For her senior season, Lyons hit .393. She recorded 33 hits (20 singles, 11 doubles and the two home runs), 36 RBIs and 31 runs scored. She struck out just four times all season.

“She never really got tired of the details, which is huge in our sport,” Sullivan said. “Anything that got monotonous for the other kids didn’t for her. We hit a lot off the tee, and by May, some of them are going through the motions, but she’s not like that. She’s looking to get better and work on something to get better every day.”

As an example, he pointed out that a couple of weeks after the state championship, she was emailing him to go hit, aiming to get ready for All-Star Week.

“That’s the kind of kid she is,” Sullivan said.

Lyons, the daughter of Jimmy and Sandy Lyons, moved to Vilonia from North Little Rock just before she started kindergarten.

Her given name is Ashley, but she said she’s been “Buggy” since she was a toddler.

“I have a sister six years older, and we both wanted that one-on-one attention,” she explained. “So my mom would call it our snuggle time. I figured out if I let her go first, I’d get more time, so my mom started calling me Snugglebug, and that became Buggy.

“When I started playing softball, there would be three or four Ashleys on the team, so Mom said, ‘Just call her Buggy.’ Now everybody calls me that — even our principal, assistant principal and all my teachers.”

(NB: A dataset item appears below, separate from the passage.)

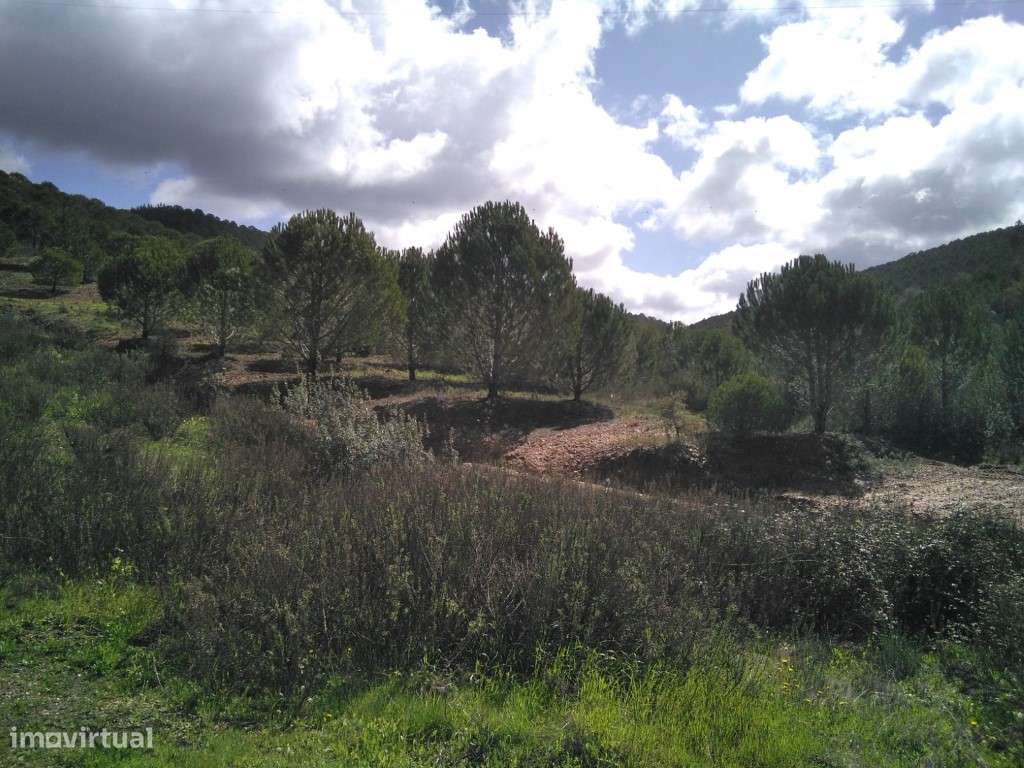 Terreno em São Marcos da Serra com 51,7795 Ha - Grande imagem: 4/10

She’s played softball since she was 4, and she’ll continue next year at Williams Baptist College in Walnut Ridge after considering other offers from Arkansas Tech, University of the Ozarks and the University of Arkansas at Monticello.

“I went and visited to see what I liked best, and Williams felt like home,” she said. “I like being at a smaller school, and with it being a private Christian college, that made it perfect.”

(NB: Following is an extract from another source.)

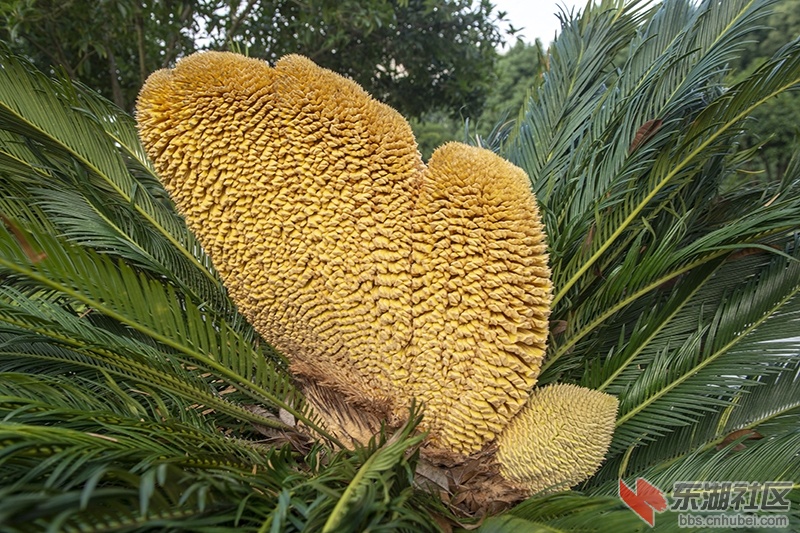 8.曾院平摄影.jpg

Sullivan said he thinks it is a good decision.

“Some kids get up there and get homesick, and for some, there’s not enough to do outside of school, but I don’t think either of those will be a problem for her,” he said. “She’ll be academically sound and excited to be there. I think it’ll be good for her.”

Lyons, a VHS honor graduate with a 3.9 GPA, said she plans to study biology at Williams, then pursue graduate school in physical therapy at the University of Central Arkansas in Conway.

She is active with the Vilonia First Baptist Church youth group, the Fellowship of Christian Athletes and Special Olympics. Her sister, Jamie, participates in softball and track and field with Special Olympics.

Lyons said the Lady Eagles had been blessed to have “a great Christian example” in Sullivan and former coach Calvin Robinette, now an assistant coach at Conway. Sullivan moved up to the head coaching position after serving as Robinette’s assistant.

“Our nerves were gone this year,” Lyons said of the attitude at the state final. “We were like, ‘All right, this is our year; it’s our time to do this. Let’s get out there and play ball.’

“I told God, ‘You’re just going to have to handle it; I can’t do this on my own.’ And he was there with me to bring me comfort.”